I've already made the change in my patchset as a result of Christoph's
comment.
I disagree, that space can be reserved for future use that will perhaps be
much needed at that time.
The type 'short' is obviously overkill to hold the value of the policy
mode since we only have four currently defined modes. We'll never exceed
the capacity of type 'unsigned char' if mempolicies are going to remain
useful.
If the flag bits are going to be stored in the same member as the mode, it
is necessary to make the change, as I have, to be unsigned to avoid
sign-extension when this is promoted to 'int' that is required as part of
the API.
The problem with your approach is that we need to pass the optional mode
flags back to the user through get_mempolicy() and the user needs to pass
them to us via set_mempolicy() or mbind(). So we'll still need the
#define in linux/mempolicy.h:
#define MPOL_F_STATIC_NODES (1 << MPOL_FLAG_SHIFT)
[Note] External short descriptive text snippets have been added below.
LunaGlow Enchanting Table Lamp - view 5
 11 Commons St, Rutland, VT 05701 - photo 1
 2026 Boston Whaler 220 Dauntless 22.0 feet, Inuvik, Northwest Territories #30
We could deal with this as follows:
if (mode & MPOL_F_STATIC_NODES)
pol->mode_f_static_nodes = 1;
but that doesn't make much sense.
Once Christoph's comment is taken into consideration and we start passing
around 'int policy' instead of 'enum mempolicy_mode mode' again, I don't
think anybody will struggle with doing:
if (mode & MPOL_F_STATIC_NODES)
to check for the prescence of a flag.